======== The data ========
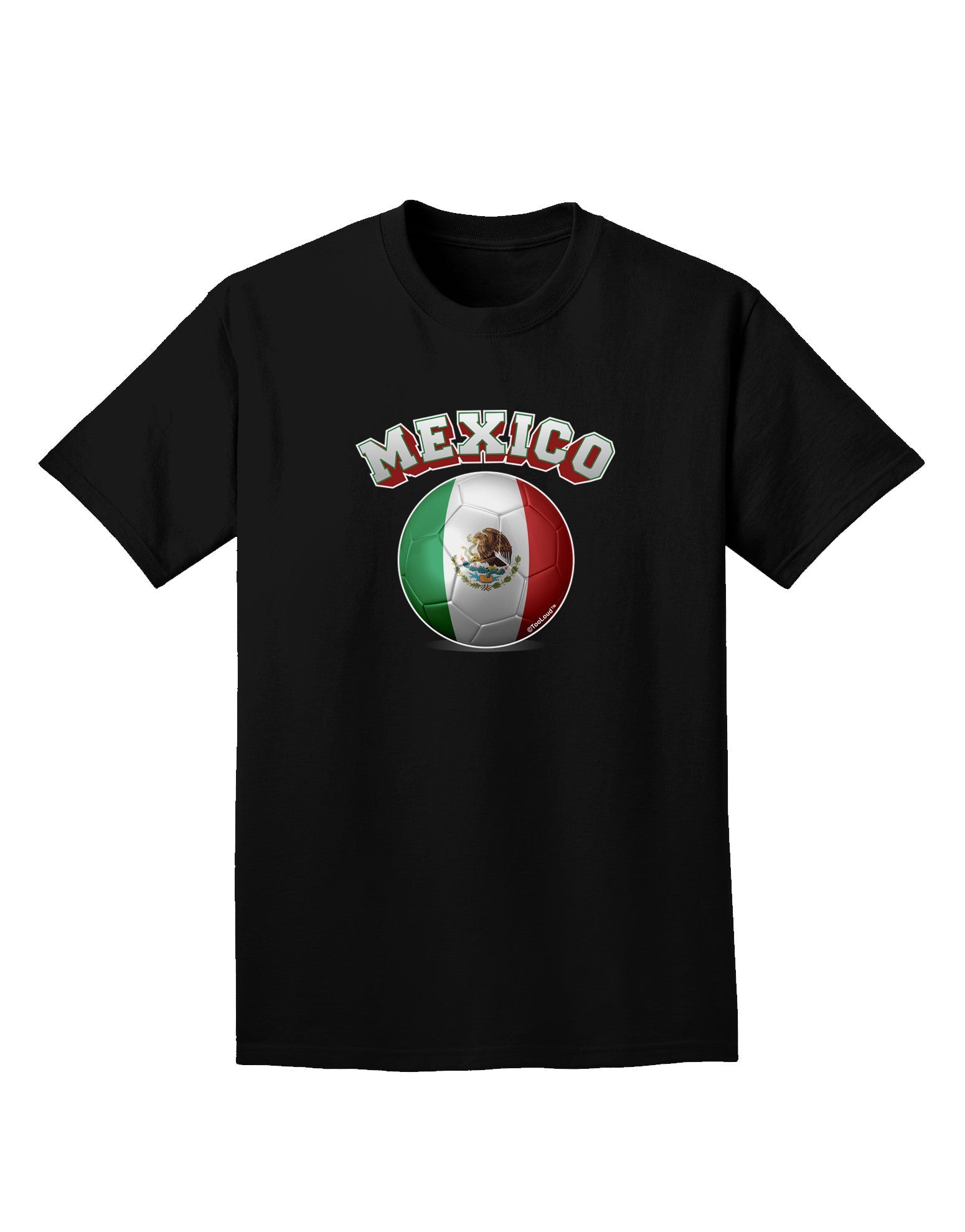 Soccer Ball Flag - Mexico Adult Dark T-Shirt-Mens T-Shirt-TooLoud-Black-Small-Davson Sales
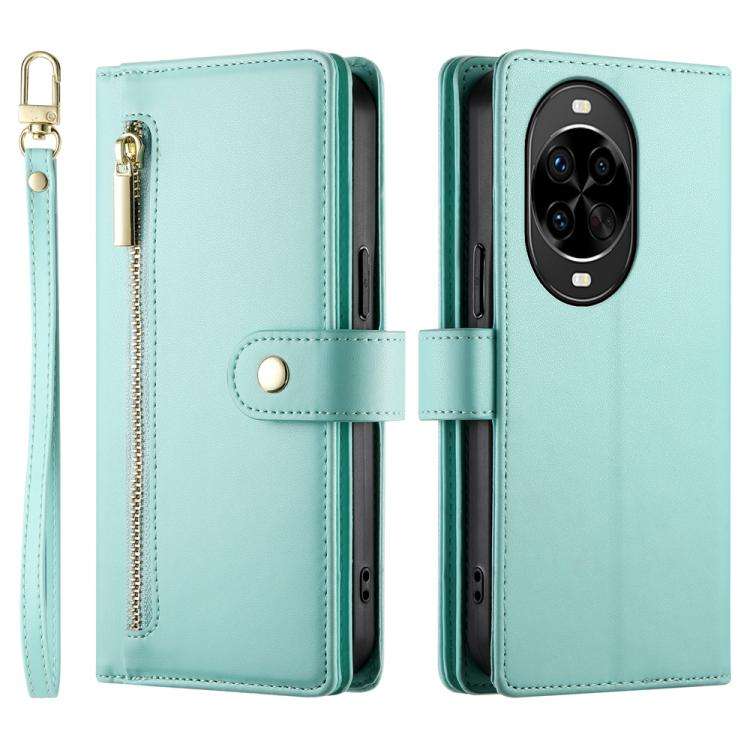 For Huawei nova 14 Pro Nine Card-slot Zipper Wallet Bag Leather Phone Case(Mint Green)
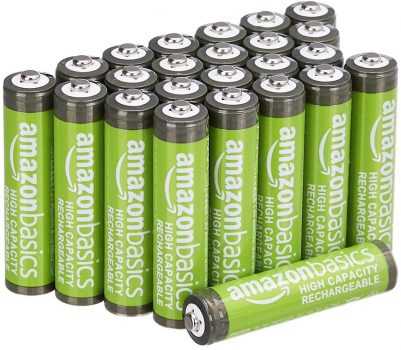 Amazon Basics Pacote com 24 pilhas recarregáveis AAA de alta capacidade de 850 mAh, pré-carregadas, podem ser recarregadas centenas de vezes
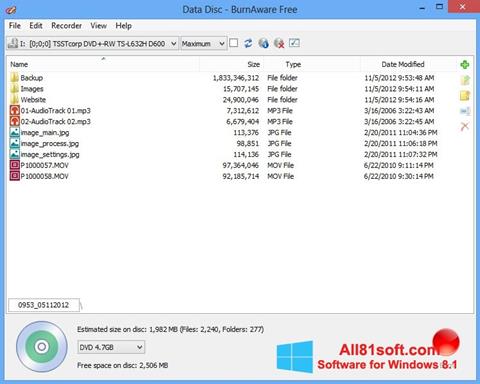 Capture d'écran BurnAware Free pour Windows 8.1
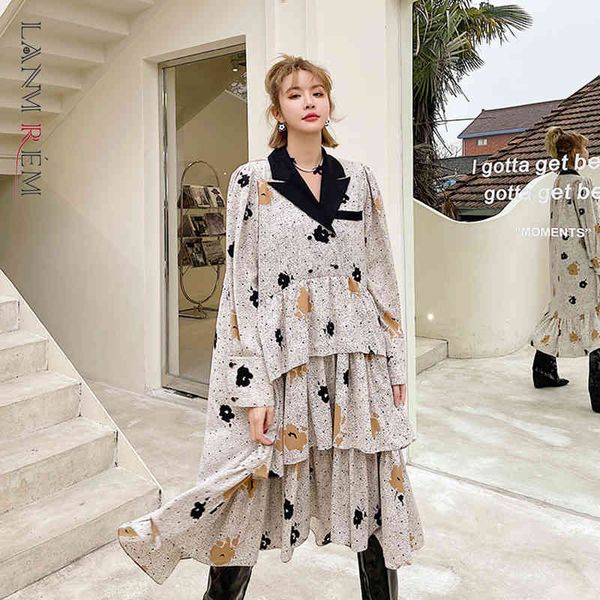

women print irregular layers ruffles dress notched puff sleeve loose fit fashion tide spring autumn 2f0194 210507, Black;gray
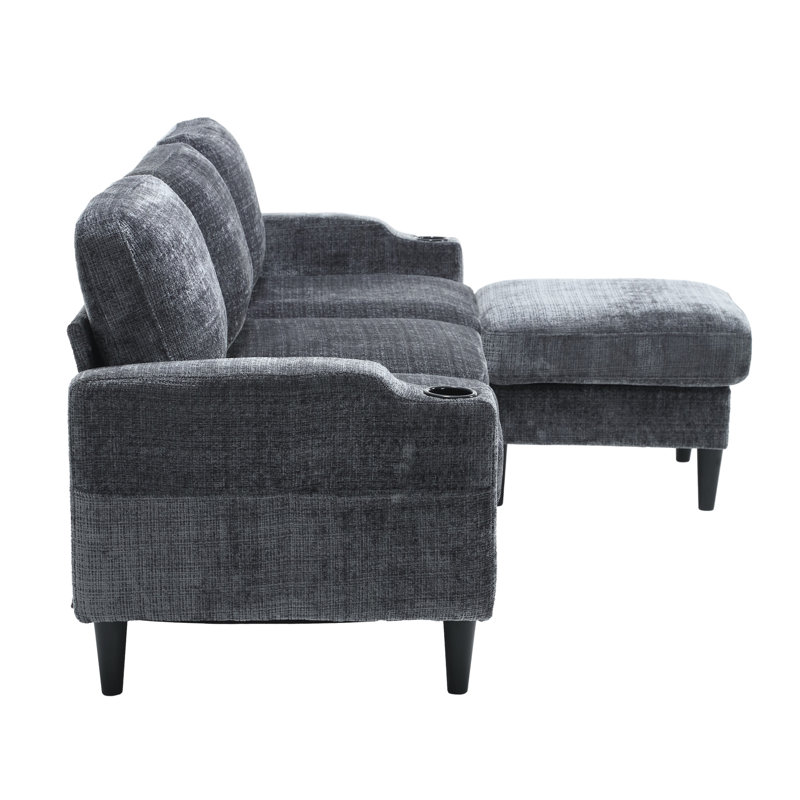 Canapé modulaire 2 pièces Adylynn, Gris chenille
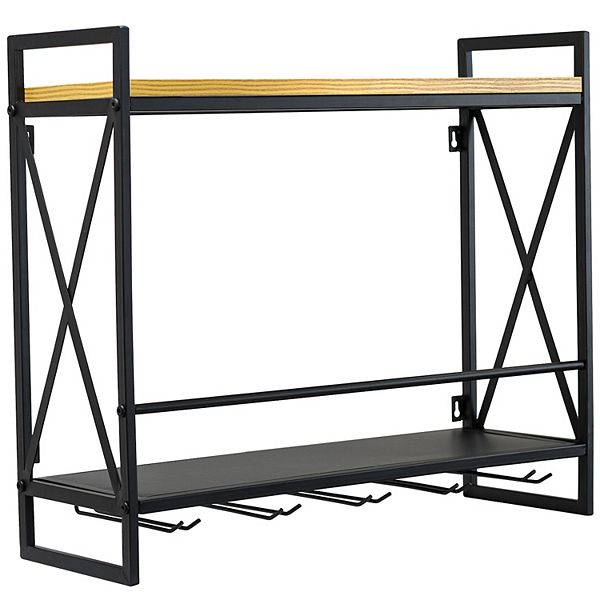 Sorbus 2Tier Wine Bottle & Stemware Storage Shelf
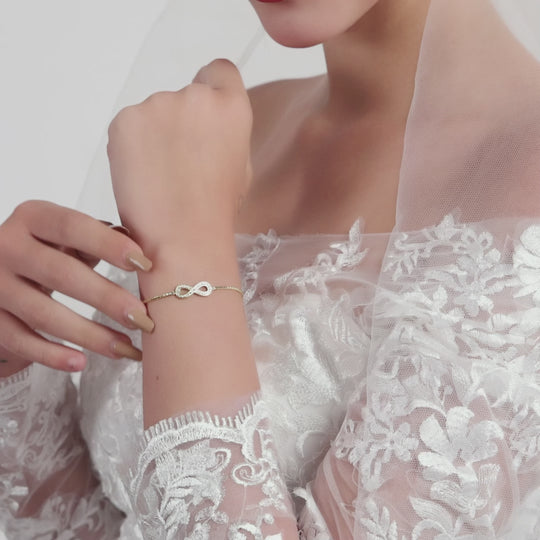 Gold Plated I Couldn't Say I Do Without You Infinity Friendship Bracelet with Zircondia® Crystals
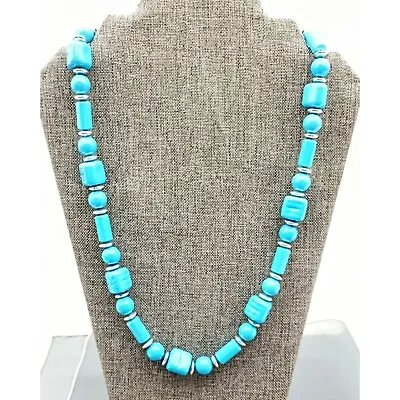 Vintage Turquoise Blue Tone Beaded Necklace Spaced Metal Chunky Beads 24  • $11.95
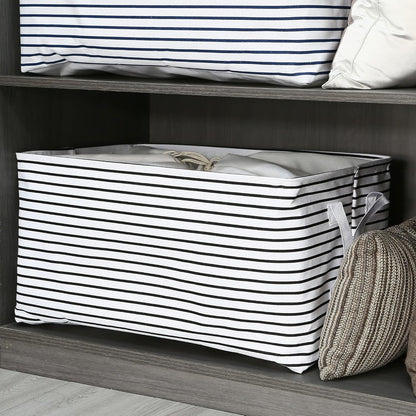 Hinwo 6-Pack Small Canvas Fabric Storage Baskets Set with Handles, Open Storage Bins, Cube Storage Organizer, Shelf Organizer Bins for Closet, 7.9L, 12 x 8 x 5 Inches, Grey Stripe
========
Please copy, exactly as written, the lines from the one that contains "Vintage Turquoise Blue" through the end of the records, both ends included. Do not include the pictures.

◆ Result ◆
 Vintage Turquoise Blue Tone Beaded Necklace Spaced Metal Chunky Beads 24  • $11.95
 Hinwo 6-Pack Small Canvas Fabric Storage Baskets Set with Handles, Open Storage Bins, Cube Storage Organizer, Shelf Organizer Bins for Closet, 7.9L, 12 x 8 x 5 Inches, Grey Stripe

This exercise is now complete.